# P seeting and Smoke Stack



## mpkelley20 (Jun 2, 2019)

I am still new to all this pellet smoker stuff.  I am learning thanks to all of you but still have questions.  I know a lot here hate "pellet poopers" but this is the first grill I have owned where I have not messed anything up food wise.  It is a perfect grill style for me.

I have the Pit Boss 1100 Pro series.  I have only used preset temps like 225 to 250 range for my beef/pork/chicken.  It gives good smoke flavor for me but was wondering about the P-Setting and if adjusting the smoke stack does anything.

First, the P setting.  As I understood it in the manual, this setting only works in the smoke setting which I only use for startup.  I have never smoked anything on this setting.  A lot of people have raved about the p-setting option but when will I ever use this?  What am I smoking at 180 degrees or so?  Or, am I misunderstanding what it does and it still works in higher temp settings but can only be adjusted under smoke?

Second, does the smoke stack do anything or does it not matter if I have it wide open or closed?  My temp swings seem in line with what others have with this grill and the internal temps seem somewhat in line.  My center and right side are within 5 degrees but my left side is much lower.  For instance at 225, at its peak the left side might be 210 and the middle and right can reach 260.  Not sure if adjusting the smoke stack deals with airflow somehow. 

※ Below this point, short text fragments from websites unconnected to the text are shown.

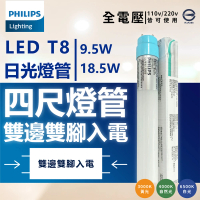 Philips 飛利浦 10入 T8 LED 燈管 4尺 18.5W 全電壓 雙端入電 日光燈管(黃光/自然光/白光)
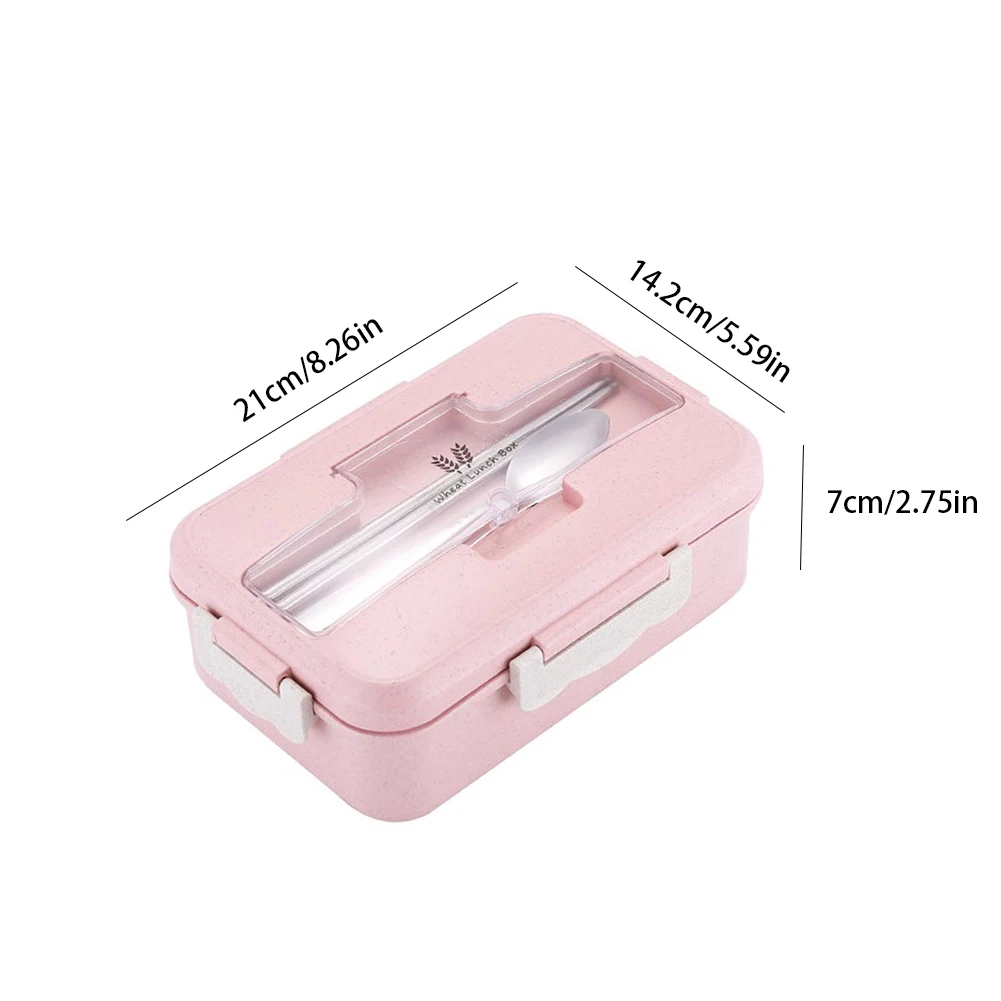 

Microwave Lunch Box Wheat Straw Dinnerware With Compartments Spoon Chopsticks Food Storage Container Kid School Office Bento Box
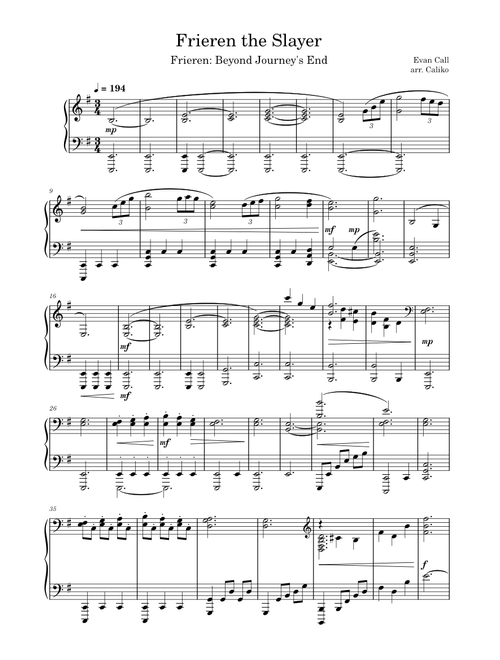 Frieren the Slayer - Frieren: Beyond Journey's End OST Piano Solo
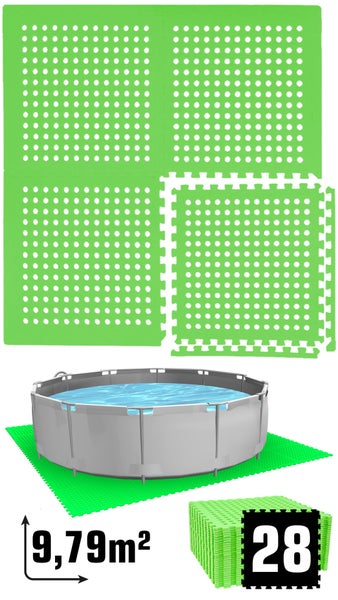 eyepower Poolunterlage für 244 cm Pool - 28 EVA Matten - 1cm Unterlegmatten Set - Outdoor Unterlage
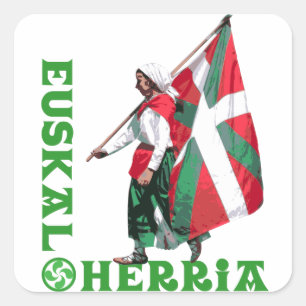 Sticker Carré Euskal Herria : Fille portant le drapeau basque Ik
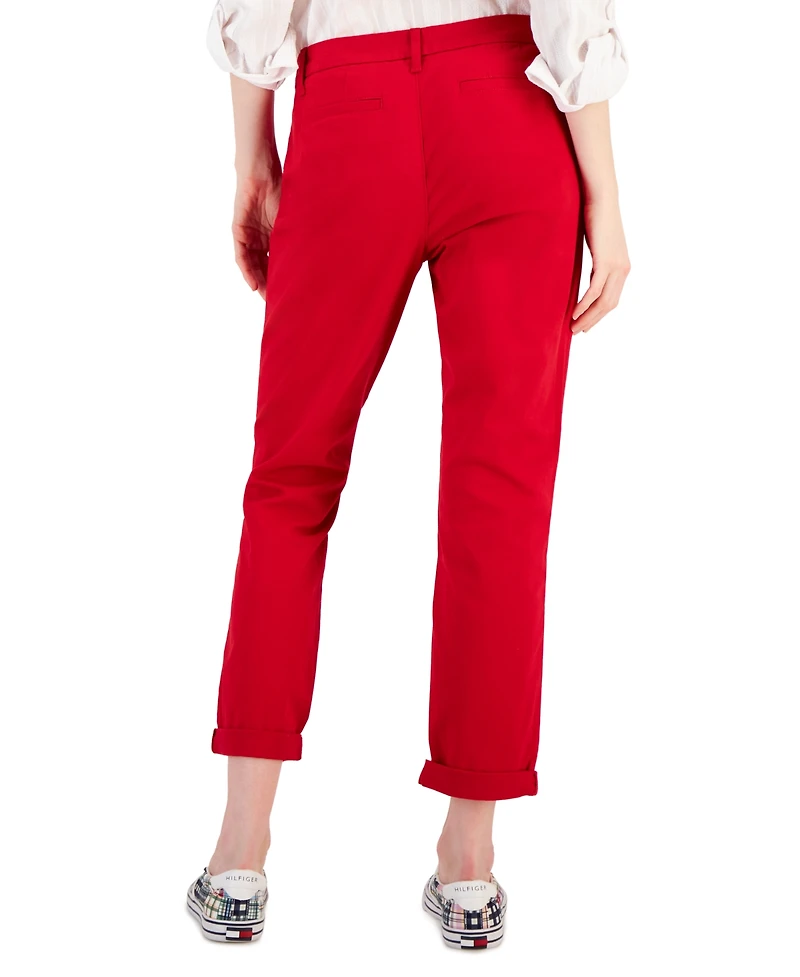 Tommy Hilfiger Women's Th Flex Hampton Cuffed Chino Straight-Leg Pants, Created for Macy's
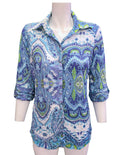 GREEN & BLUE PAISLEY PATTERN BUTTON UP COTTON BLOUSE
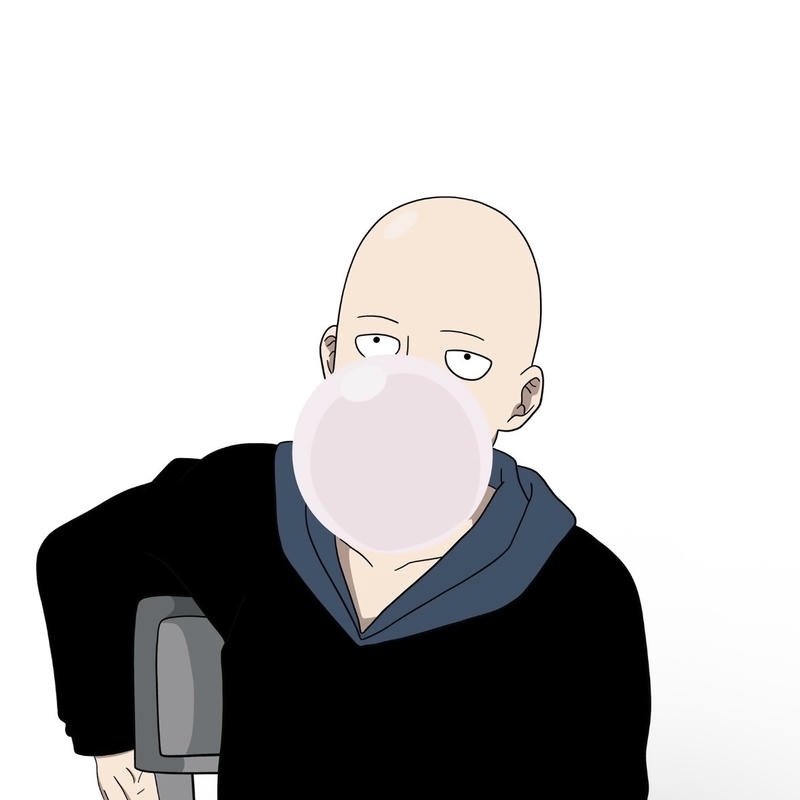 Dáng vẻ điềm tĩnh của nhân vật trong ảnh Saitama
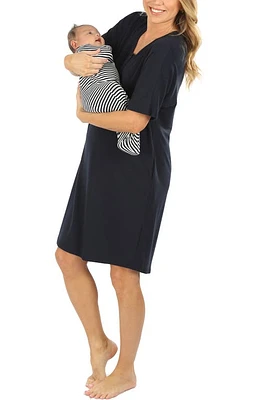 Angel Maternity Mama Hospital Maternity/Nursing Nightgown with Bonus Baby Pouch Navy at Nordstrom,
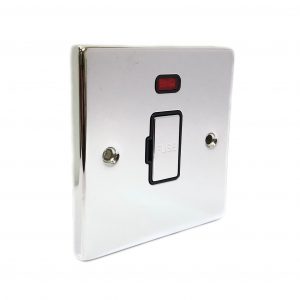 13A Unswitched Fuse Connection Unit With Neon– Polished Chrome Black Insert (Decorative Range)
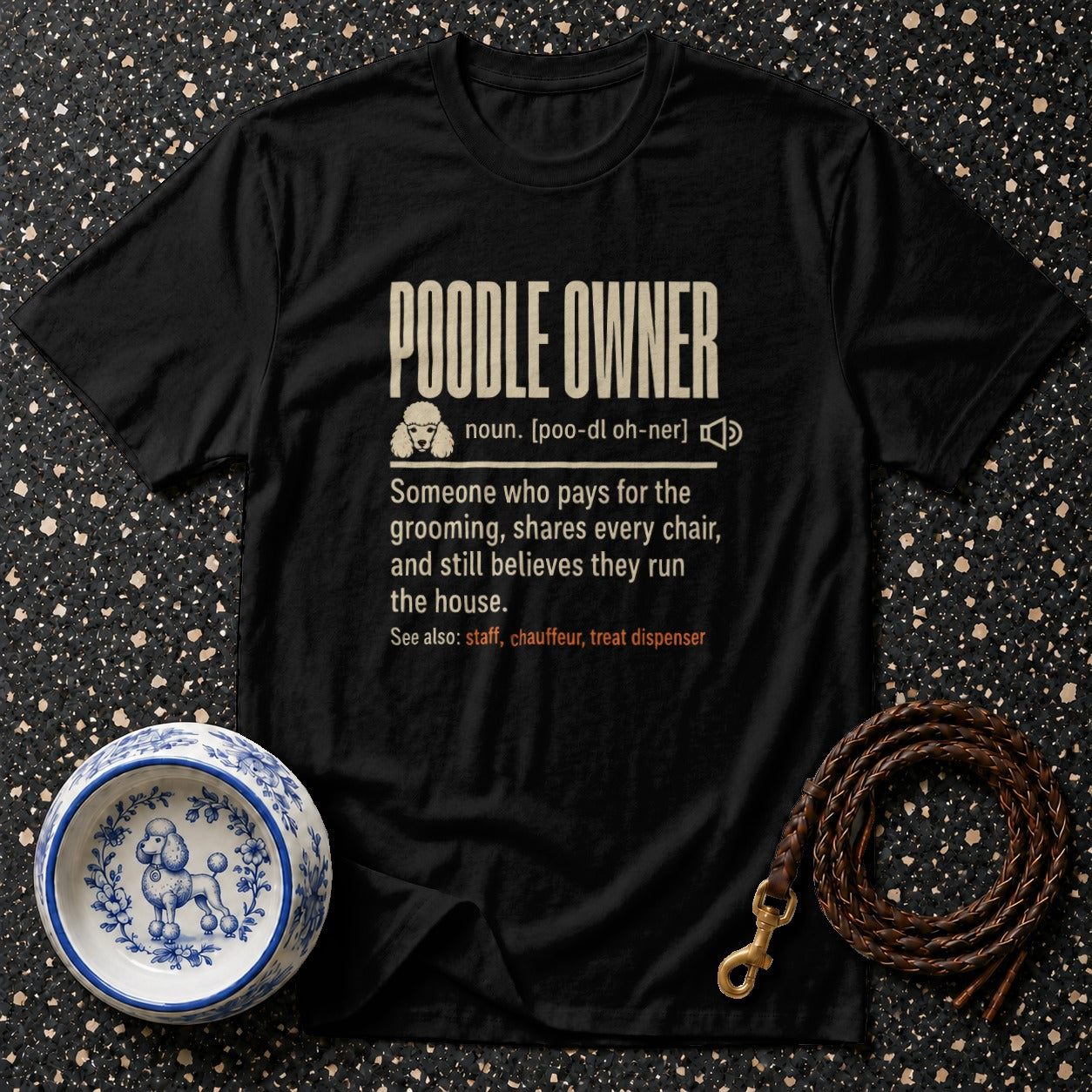 Black t-shirt with "Poodle Owner" definition and poodle imagery.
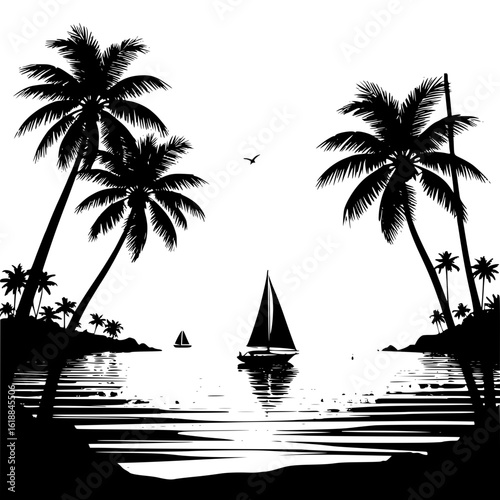 
Vector silhouette of a beach scene with coconut palms and a sailboat on the horizon at dusk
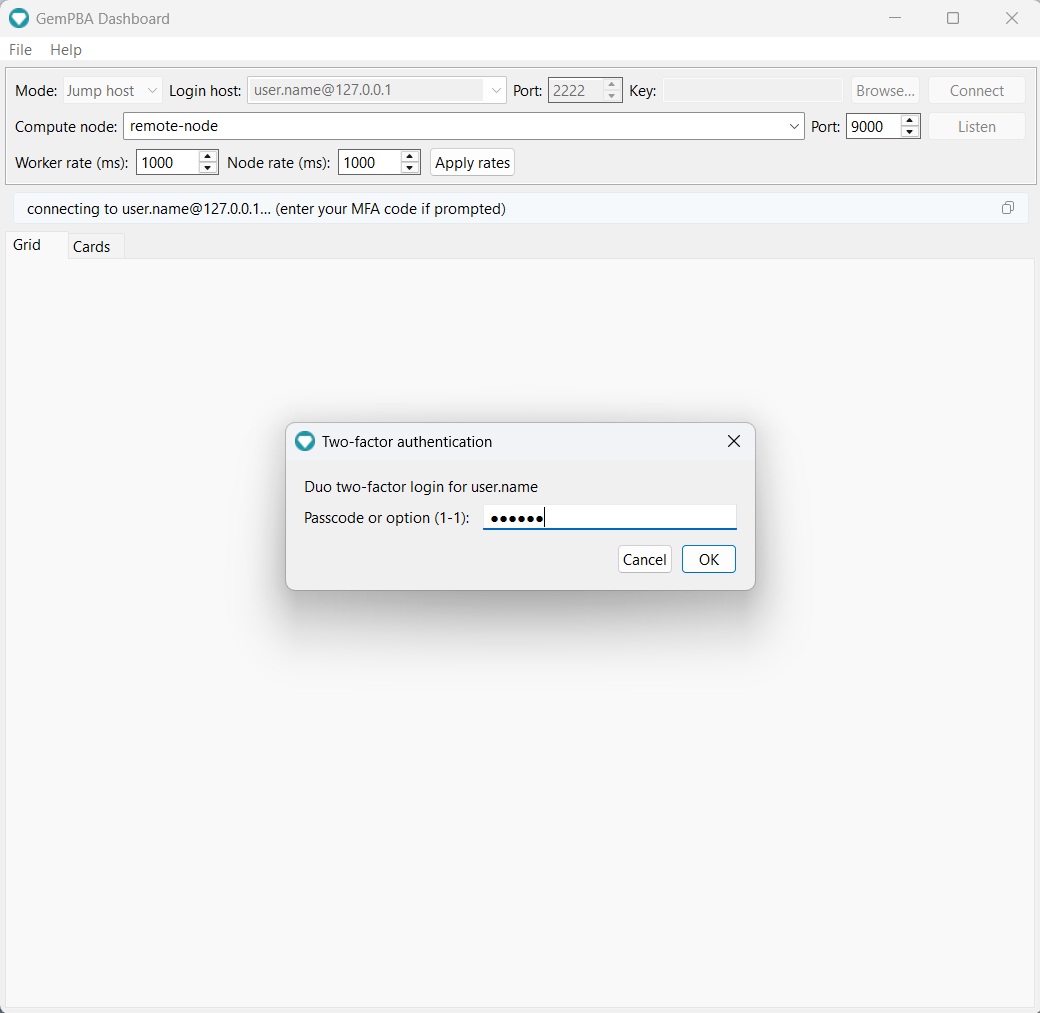 The dashboard answering a Duo MFA prompt while connecting through a jump host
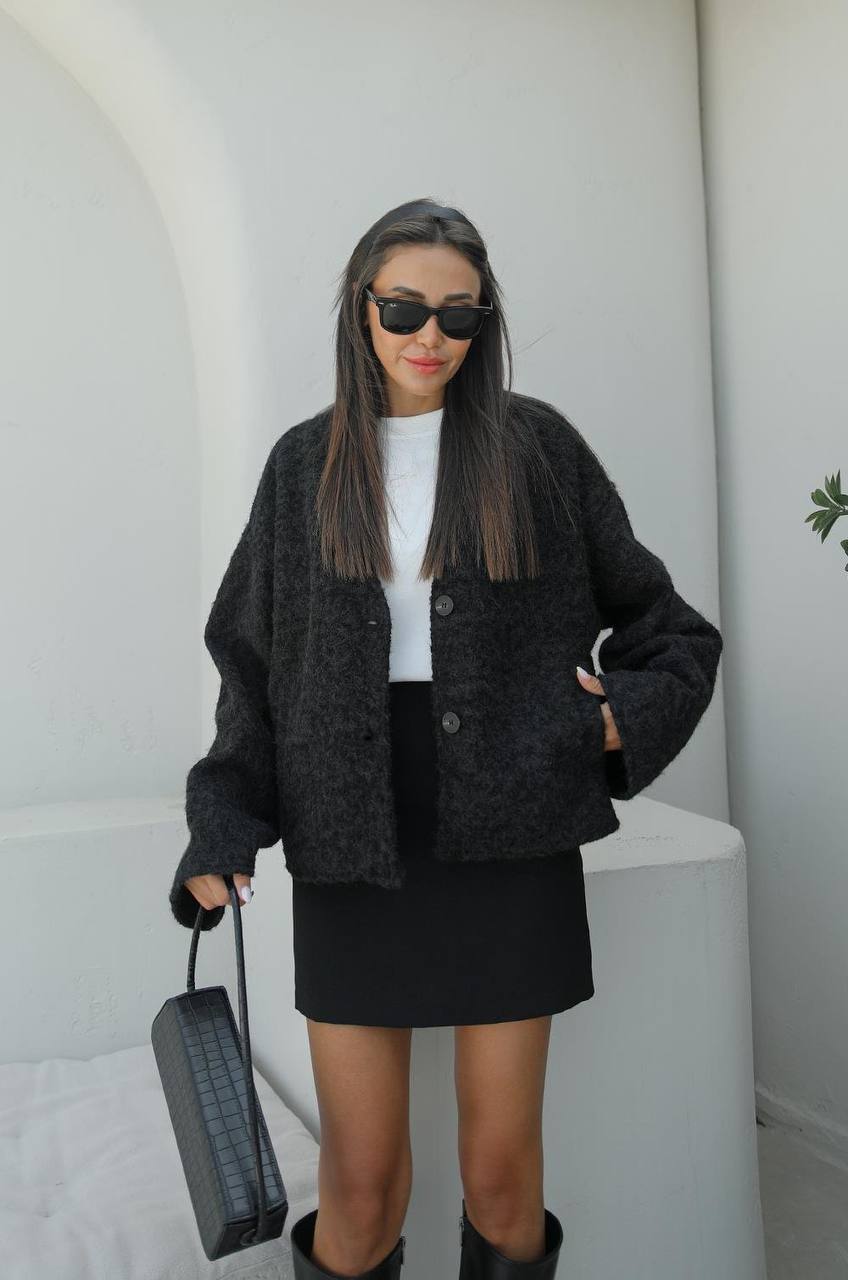 Oversized-Jacket Schwarz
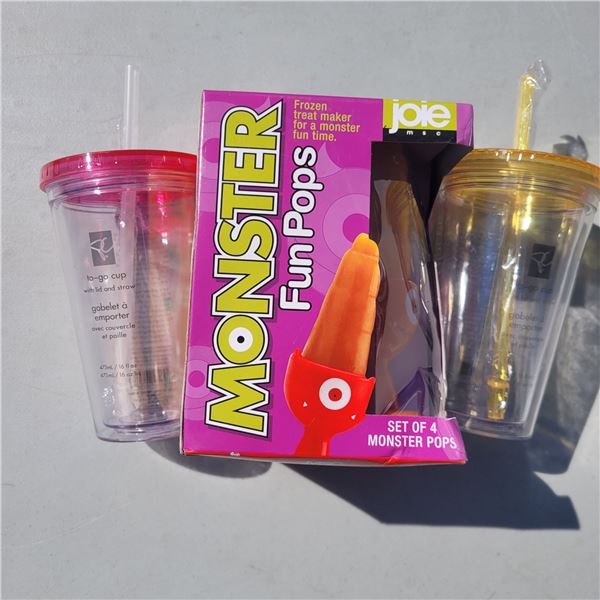 Lot of 2 PC Cups & Monster Fun Pops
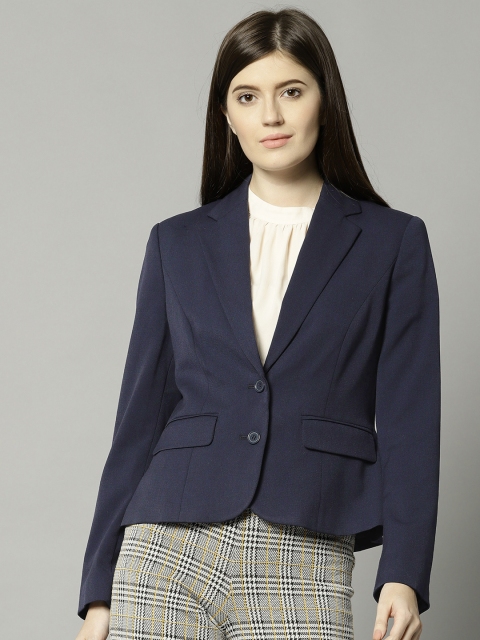 

Marks & Spencer Women Navy Solid Single-Breasted Smart Casual Blazer, Navy blue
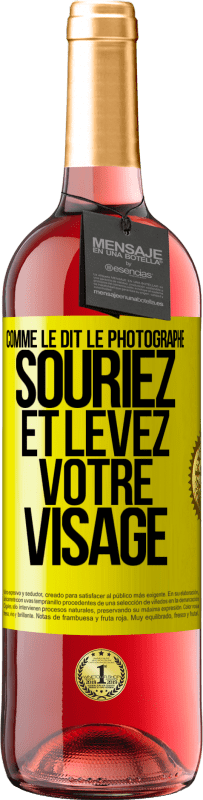 29,95 € Envoi gratuit | Vin rosé Édition ROSÉ Comme le dit le photographe, souriez et levez votre visage Étiquette Jaune. Étiquette personnalisable Vin jeune Récolte 2024 Tempranillo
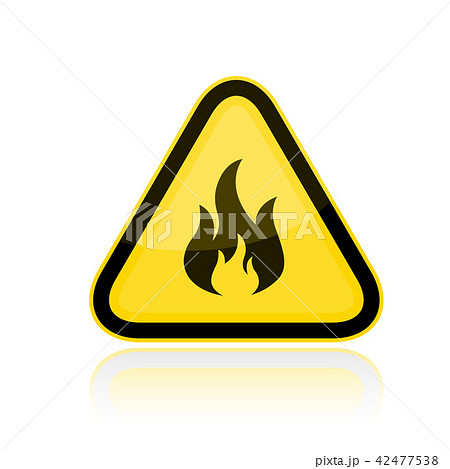 Yellow triangular flammable warning sign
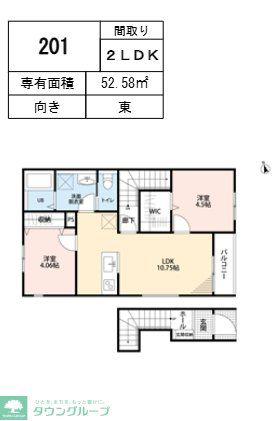 リーブルファイン春日部樋堀(2LDK/2階)の間取り写真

My food has not suffered.  So I cannot complain.  Just trying to understand all this for when I start to get more adventurous and decide to do a brisket.

Thanks


----------



## mike243 (Jun 2, 2019)

I haven't played with the smoke stack but the P setting will run the unit cooler if it is set higher than the 4 thats preset and it will smolder more at the lower temps so a little more smoke , screwed all the way down on the cap its even with the top of the pipe so not much blocking the exit, may mess around with it next time I fire it up to smoke something


----------



## mpkelley20 (Jun 2, 2019)

When you say it will run the unit cooler, are you talking at higher preset temps like 225 and 250 or is the p setting only working when the dial is turned to smoke?  And other than cheeses, fish and jerky, what do you cook on the smoke setting?  If nothing, and the p setting is only relevant to the smoke setting on dial then that feature really isn't useful, right?


----------



## mike243 (Jun 2, 2019)

My P setting only works in smoke and the higher the number the cooler it runs, set at the default 4 it runs at 170 very consistently, i think 5 runs about 165 for a low


----------



## JackB (Jun 21, 2019)

The P number is the control indicator for auger run time only and while you would expect shorter run times (higher P numbers) to yield lower temperatures that relationship may vary with other factors; ambient temp/humidity, pellet type & quality, lid openings. 
But normally you can expect a lower temp at higher P number settings. I have just started playing with the P number as I hope to get longer smoke periods with the Smoke setting. 220 degrees F is not a good smoking temperature for me as it seems the meat cooks too quickly.
As far as smoke stack goes, it's mostly an ornament on forced air cookers. A balanced draft system would be terrific where the fan is variable speed and then a stack damper would be a significant tool. Hopefully someone will provide an aftermarket auger / fan PID controller.


----------



## JackB (Jun 21, 2019)

mike243 said:


> My P setting only works in smoke and the higher the number the cooler it runs, set at the default 4 it runs at 170 very consistently, i think 5 runs about 165 for a low


Mike, are you in the north? In summer temps on the Gulf Coast the smoke temperature range is it closer to 200-200 at P 4.


----------



## mike243 (Jun 21, 2019)

I was going to post that was what mine was running when it was cooler lol running about 195 on 6 now,reckon I will have to write the outside temps down


----------



## mike243 (Jun 21, 2019)

my 3 outdoor camera's are reading 95 so not loosing much heat due to temps


----------



## jac63 (Jun 21, 2019)

On my 3 month old Pit Boss 820FB the manual seems to indicate that the P setting works at all control settings. I know I was experiencing wide temp swings when using presets like 225 or 250. I have been playing with the P setting and have noticed the temp ranges to be much tighter. The trade off is less smoke at lower P settings. The pic below is from my owners manual.


----------



## mike243 (Jun 21, 2019)

mine is a year old and will only work in smoke,they reengineered them, somebody posted awhile back that theirs would adjust in temps also, I aint lucky enuf to have the newer lol


----------



## jac63 (Jun 21, 2019)

mike243 said:


> mine is a year old and will only work in smoke,they reengineered them, somebody posted awhile back that theirs would adjust in temps also, I aint lucky enuf to have the newer lol


I wondered if they had made a change. 

I like to run mine on "smoke" for a while then change to a preset with the P setting lowered to keep a pretty tight temp range. Took me a while to understand how to run it like that but it works great. I was pretty disappointed initially with the temp swings but eventually I figured it out. Best food I've ever made coming off the Pit Boss now.


----------



## mike243 (Jun 22, 2019)

Yes they made a change in the controller since mine was made, sounds like the new is more versatile , still love mine though


----------